=== PROBLEM TO SOLVE ===
Leave out the pictures and repeat exactly the lines from the one containing "serene paper bird art" through the final line of the listing below.

Segment Start: DATA RECORDS

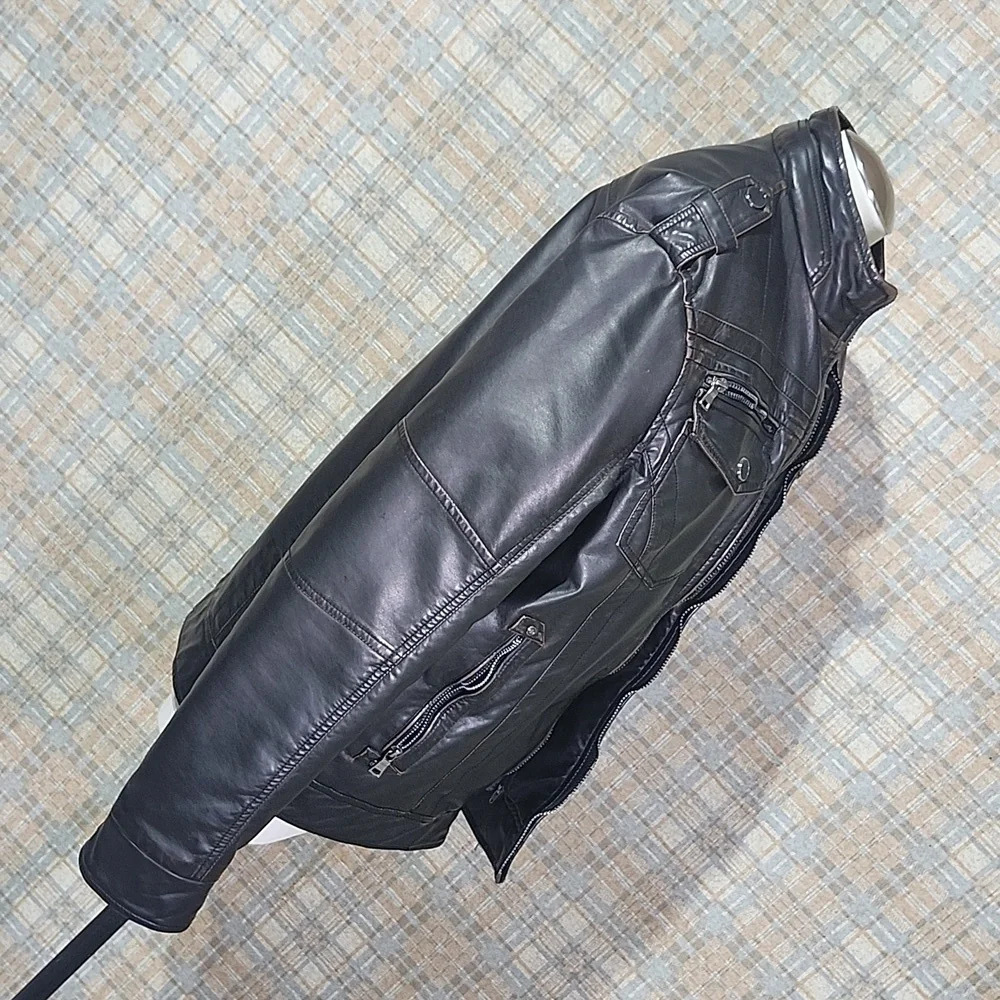 Ameri Mode Faux Leather Biker USA Jacket Size Sma… - image 9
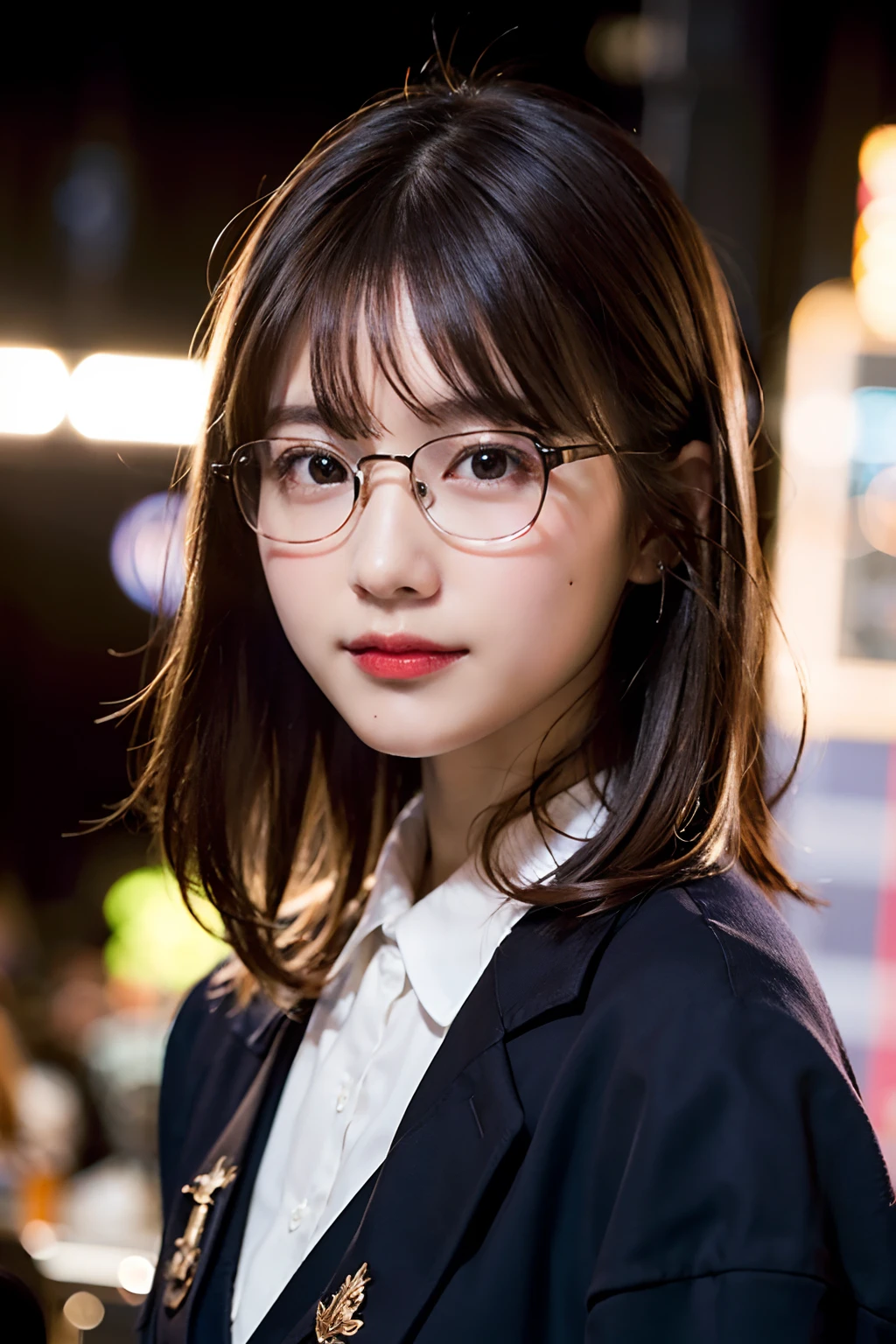(8K、Raw photography、top-quality、masterpiece:1.2)、(realisitic、Photorealsitic:1.37)、ultra-detailliert、超A high resolution、女の子1人、see the beholder、beautifull detailed face、Smile like a girl、Constriction、(Slim waist) :1.3)、Wearing a uniform、Beautiful detailed skin、Skin Texture、Floating hair、Professional Lighting、On stage、Square glasses with black rimming 、Whole human body、Brown hair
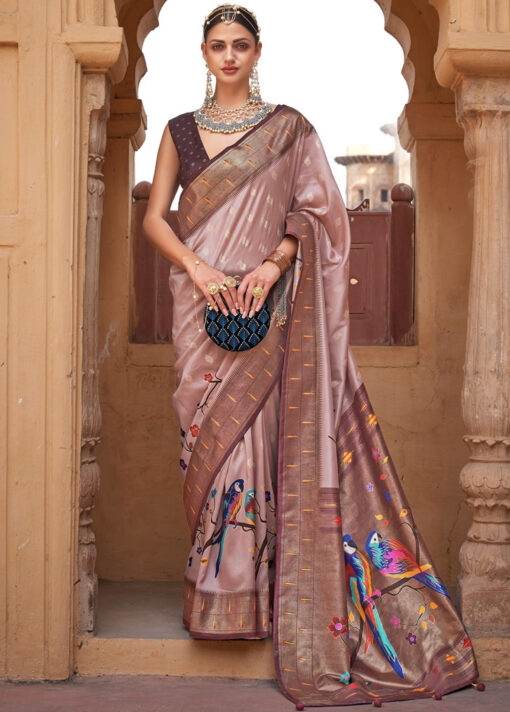 Mauve Zari Woven Paithani Silk Saree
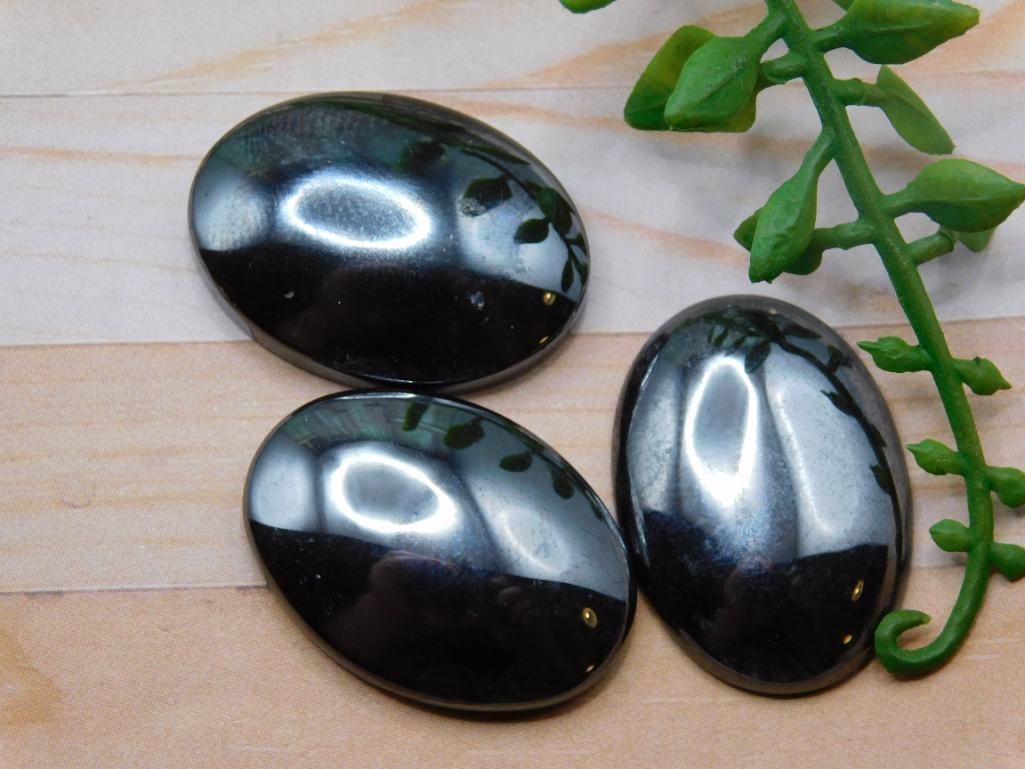 HEMATITE CABOCHONS ROCK STONE LAPIDARY SPECIMEN (1 of 2)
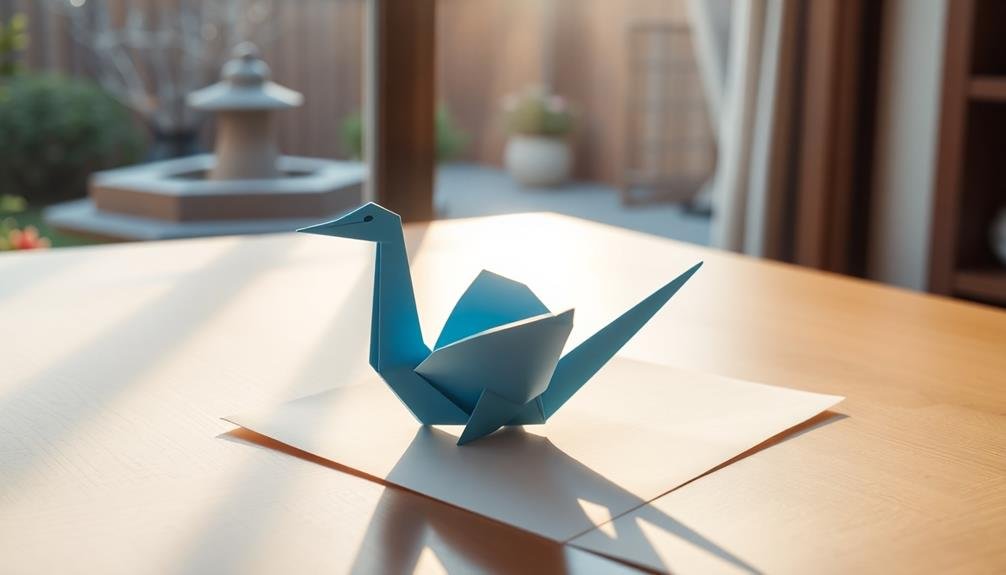serene paper bird art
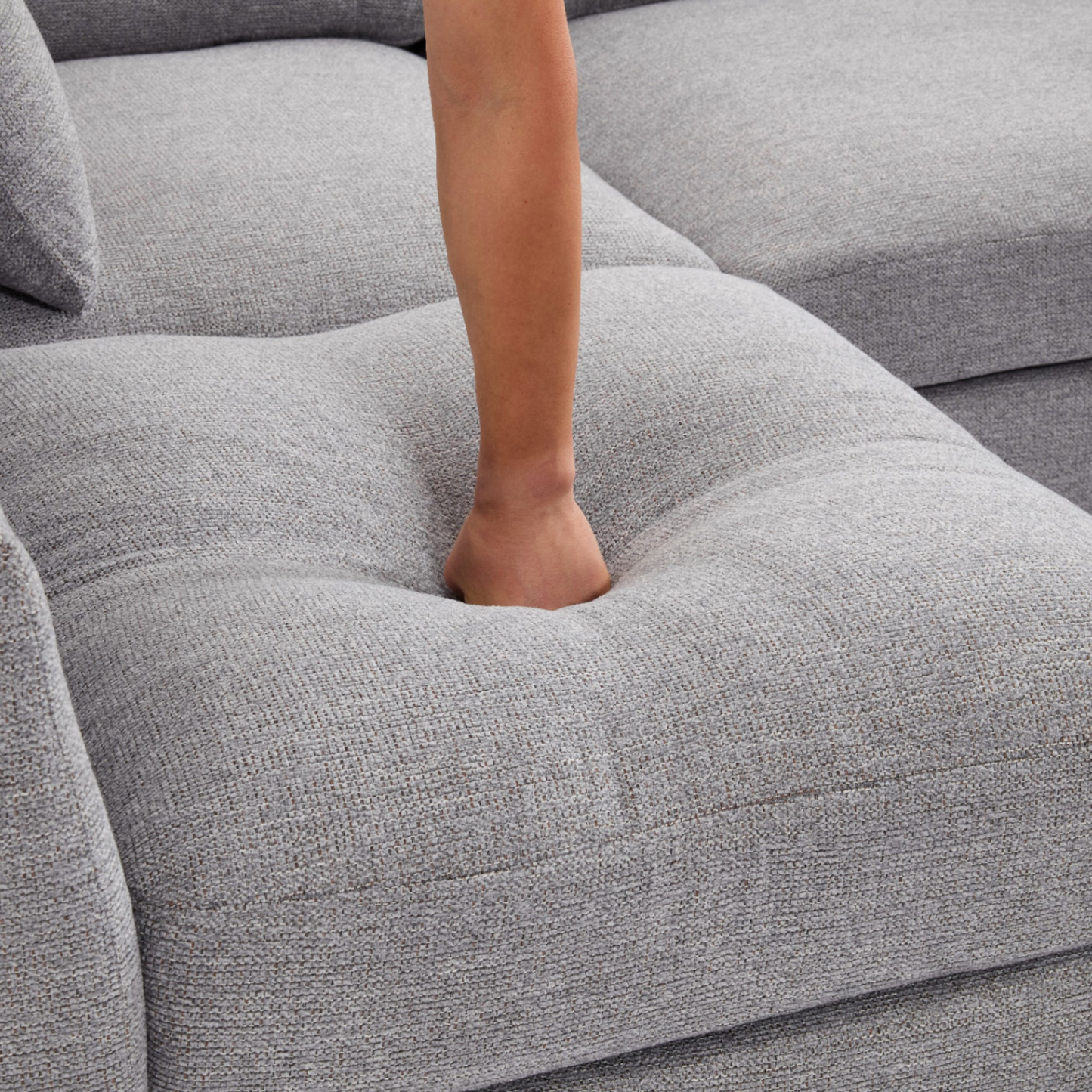 85.4" Sectional Sofa Modular Sofa U-shaped Sofa Couch Sofa Bed L-shaped Sofa with a Movable Ottoman and Two USB Ports for Living Room, Light Grey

Segment End: DATA RECORDS

=== RESPONSE AREA ===
serene paper bird art
 85.4" Sectional Sofa Modular Sofa U-shaped Sofa Couch Sofa Bed L-shaped Sofa with a Movable Ottoman and Two USB Ports for Living Room, Light Grey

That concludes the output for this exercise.